S/Oggetti disorientati. Fagotti e souvenir alla deriva, corpi.

La scena contemporanea approssima a noi mondi lontani. Nel renderceli vicini sollecita il movimento di afferrarli, di farne concretamente parte, di esserne tutt’uno. Rende così inquiete le appartenenze, irrequiete le genti come le idee, le cose come le immagini. Quante aspirazioni, sofferenze, ineguaglianze trasudano dai viaggi contemporanei! Quante illusioni di incontri salvifici vengono in essi riposti.

In cerca di lavoro e benessere, di emozioni ed esperienze, si spostano continuamente lungo l’asse nord sud due differenti viaggiatori dal diverso potere contrattuale e dalla complementare destinazione. Non si incontrano e, se capita, si evitano. Sono l’Emigrante e il Turista.

L’installazione etnografica li rappresenta tutt’uno con il loro immediato contesto, li fissa – a terra spiaggiati – nei loro stereotipati ideal tipi, identificati nel bagaglio delle loro differenti aspirazioni: l’emigrante nascosto e, ad un tempo, reso espressivo da quei fagotti che ne sono l’essenziale e umile fardello; il turista dal corpo stracolmo di souvenir, frammenti di esotismo acquistati a buon prezzo, predazioni e spoliazioni in nome dell’inesauribile voracità culturale.

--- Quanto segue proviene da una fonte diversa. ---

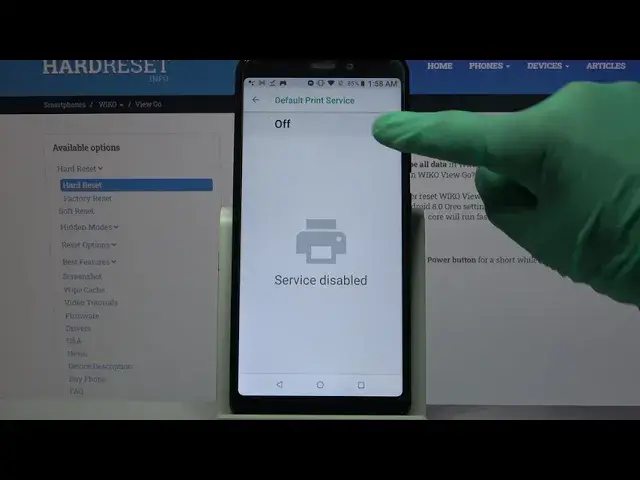 'Video thumbnail for How to Connect Printer with WIKO View Go – Wireless Connection'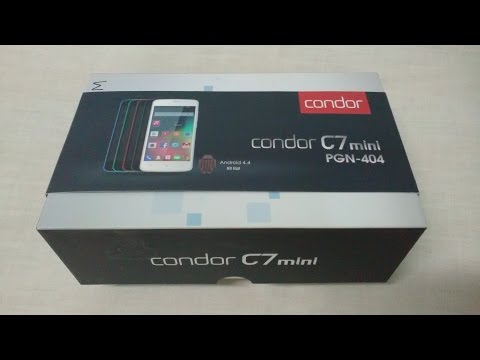 Condor C7 mini استعراض لهاتف كوندور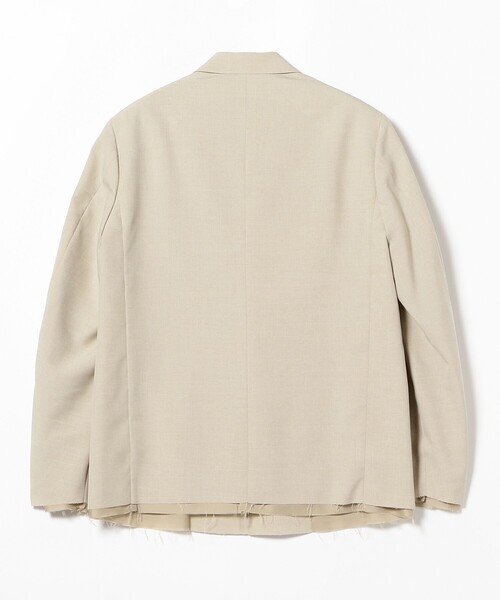 BEAMS(ビームス)の「BEAMS / ボクシー 1B ジャケット(テーラードジャケット・メンズ・ブラック/ベージュ・S/M/L/XL)」の21枚目の写真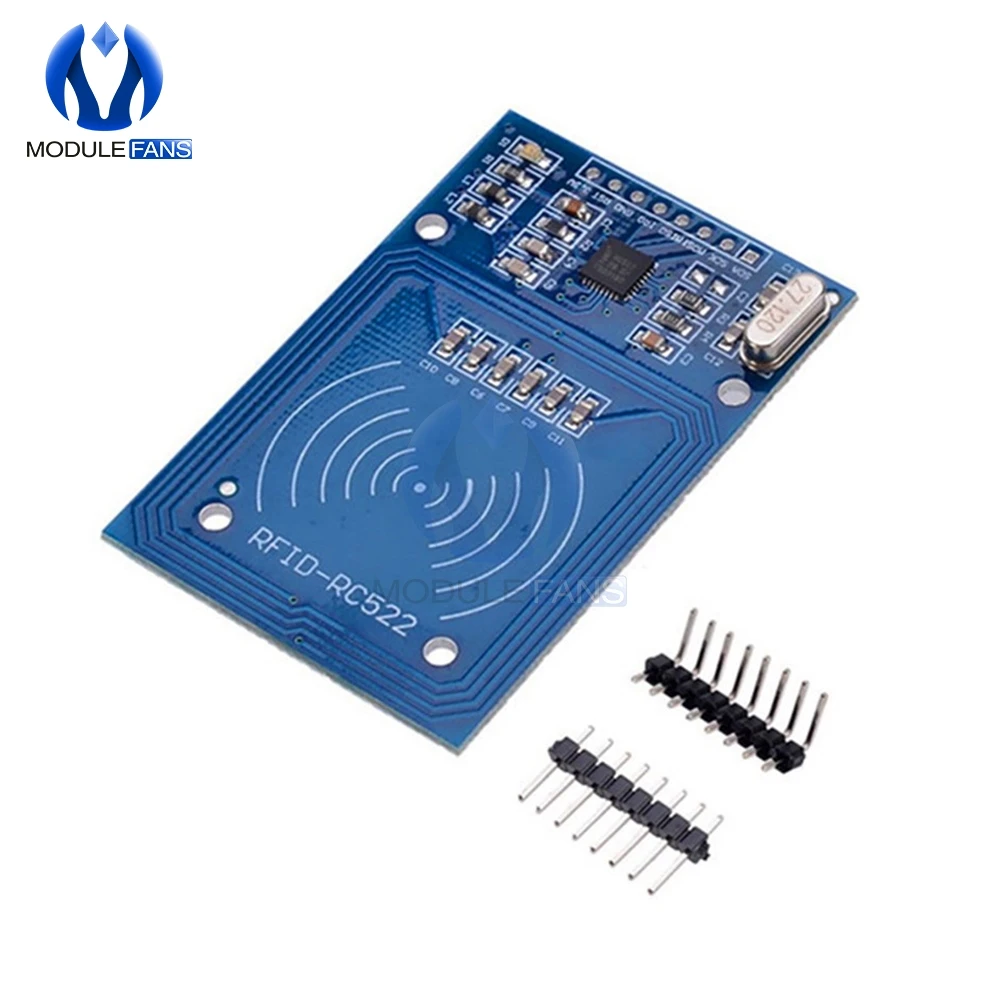 RC522 RC-522 RFID Drahtlose Modul Für Arduino Reader Schriftsteller Sensor Modul Karte I2C IIC SPI Interface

Da una parte la nuda vita [cfr. G. Agamben, Homo Sacer 1995] di chi spesso senza neppure i documenti si espone a drammatiche fatalità solo contando su una disposizione a fronteggiare la cattiva sorte (chiamiamola “resilienza”) precocemente messa alla prova; dall’altra l’individuo possessivo [cfr. C. B. Macpherson, Liberta e proprietà alle origini del pensiero borghese, Milano, 1973] che si identifica nella sua collezione, una persona maschera che cercando altrove quel senso fuggito nella sua patria si nasconde a se stesso. Due umani alla deriva in tempi di crisi.